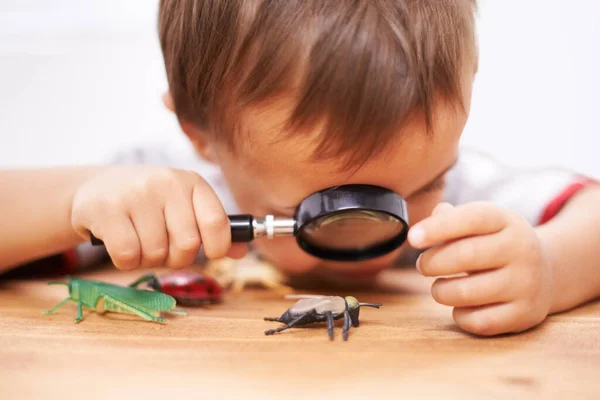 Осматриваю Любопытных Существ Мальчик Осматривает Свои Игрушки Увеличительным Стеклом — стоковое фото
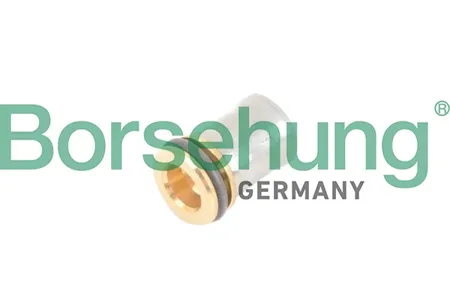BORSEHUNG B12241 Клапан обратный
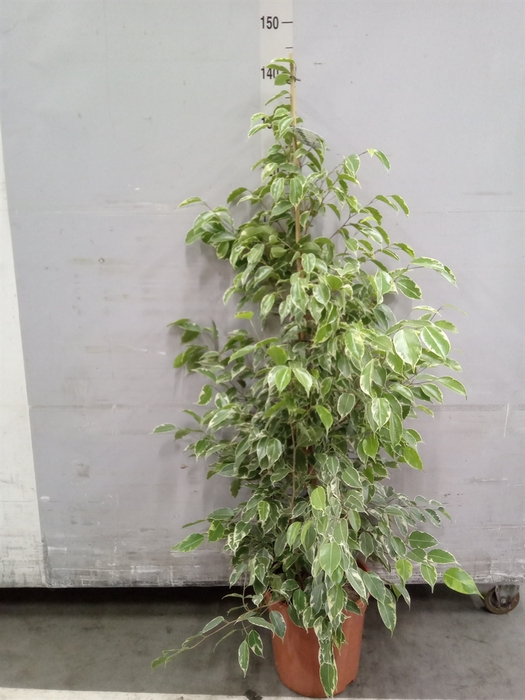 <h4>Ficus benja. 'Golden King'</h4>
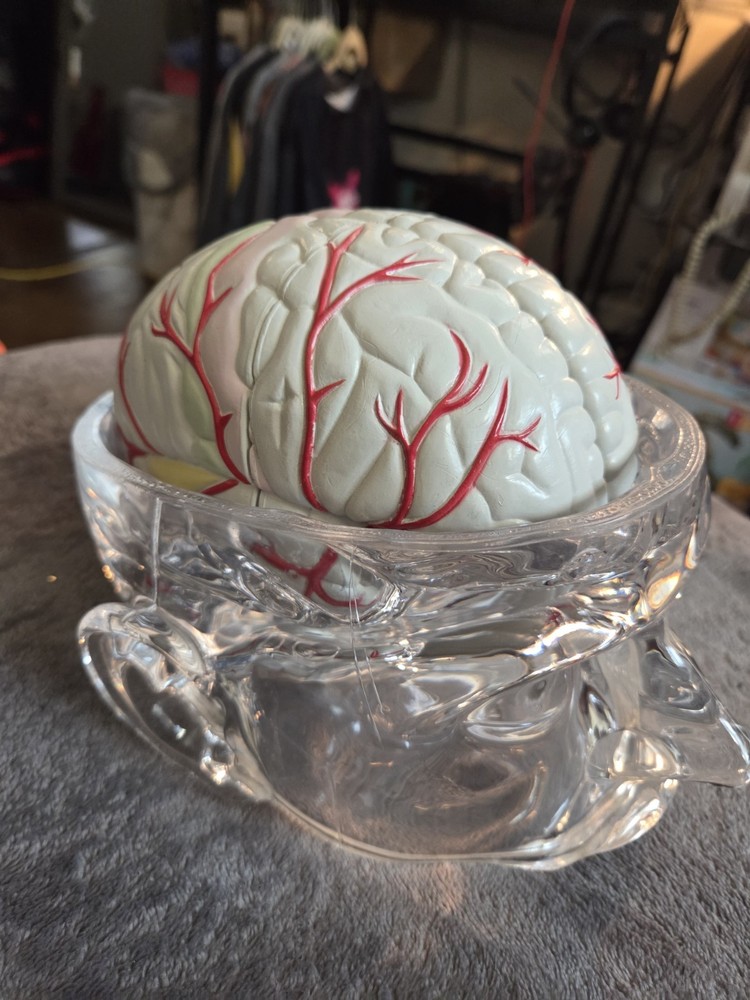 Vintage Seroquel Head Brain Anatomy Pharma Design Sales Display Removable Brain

----------

→ **WHAT YOU NEED TO DO**
When you copy the data, keep every line exact and drop the pictures.

→ **ANSWER**
 Осматриваю Любопытных Существ Мальчик Осматривает Свои Игрушки Увеличительным Стеклом — стоковое фото
BORSEHUNG B12241 Клапан обратный
 <h4>Ficus benja. 'Golden King'</h4>
 Vintage Seroquel Head Brain Anatomy Pharma Design Sales Display Removable Brain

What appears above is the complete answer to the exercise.